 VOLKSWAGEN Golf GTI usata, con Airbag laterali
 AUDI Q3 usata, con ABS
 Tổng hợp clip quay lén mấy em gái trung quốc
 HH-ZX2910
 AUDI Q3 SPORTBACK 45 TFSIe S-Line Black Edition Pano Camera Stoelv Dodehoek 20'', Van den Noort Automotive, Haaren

==

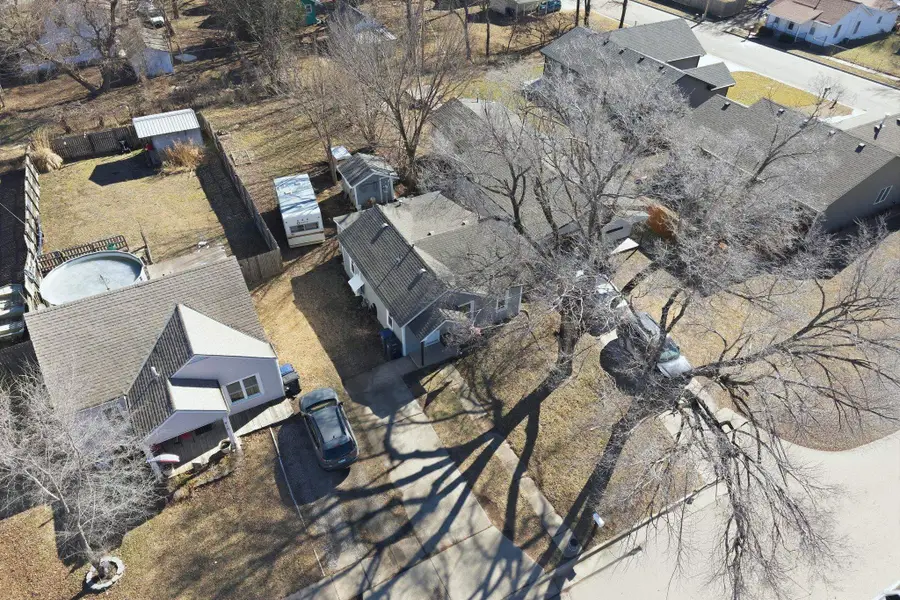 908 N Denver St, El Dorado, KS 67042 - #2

PROBLEM DETAILS -
Wherever the line holding "VOLKSWAGEN Golf GTI" falls in the entries above, copy exactly from it through the line holding "AUDI Q3 SPORTBACK", inclusive, and add nothing.

EXPECTED ANSWER -
 VOLKSWAGEN Golf GTI usata, con Airbag laterali
 AUDI Q3 usata, con ABS
 Tổng hợp clip quay lén mấy em gái trung quốc
 HH-ZX2910
 AUDI Q3 SPORTBACK 45 TFSIe S-Line Black Edition Pano Camera Stoelv Dodehoek 20'', Van den Noort Automotive, Haaren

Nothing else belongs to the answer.